In the meantime, Glass is also the Ik figure of the novel, a capacity in which he turns out to be a real Austerman. Take his ability to give meaning to apparently meaningless coincidences. Then he writes full of wonder about how a piece of paper, in this case a Boarding Passat the top of an airplane staircase slips out of the fingers: “That I saw flutter down in the direction of the crack between the plane staircase and the aircraft itself – the narrowest opening, less than two millimeters wide […]”You guess how this ends. What is more difficult to guess is that this passage advocates the end of the novel (that I will soon betray). One of the most beautiful descriptions of Austers Oeuvre is one of his book titles: The Music Of Chance.

Glass is a false storyteller who likes to wander from the main line of his story.

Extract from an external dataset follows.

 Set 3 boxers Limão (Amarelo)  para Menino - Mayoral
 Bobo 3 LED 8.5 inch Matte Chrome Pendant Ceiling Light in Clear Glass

The latter consists of the Brooklyn weather of three men. They find each other, of course, after a casual encounter in the shadow of world literature. In an antiquarian bookshop, after years, Glass affects his adult cousin Tom Wood, who dreamed of a grand career in the literature study, but eventually got stuck in it. The owner of the bookstore, the convicted scammer Harry Brightman, also hooks for a new start in life.

As befits a book of follies, it becomes Brooklyn Follies Told with lightness and swier. Between the rules it appears that Glass quickly develops warm feelings for the male outcasts in his life, but that he looks forward to quite a few women (his ex, his daughter, the waitress he thinks he is in love with) Meter can look outside his own perspective.

The circumstances clear in the city, which is going to stand more and more pleasant against the Buiten-Brooklyn world, where the neoconservatism of George W. Bush seemed to threaten the most beautiful American values. This is how the desire for a shelter to hide for the geopolitical elements plays a role in the novel. It ends with Glass, “as happy as a person can feel” on the early morning of September 11, 2001.

Do you want the discussed copy of Brooklyn Foolish? Mail [email protected]; The book is raffled among entrants, the winner will be notified.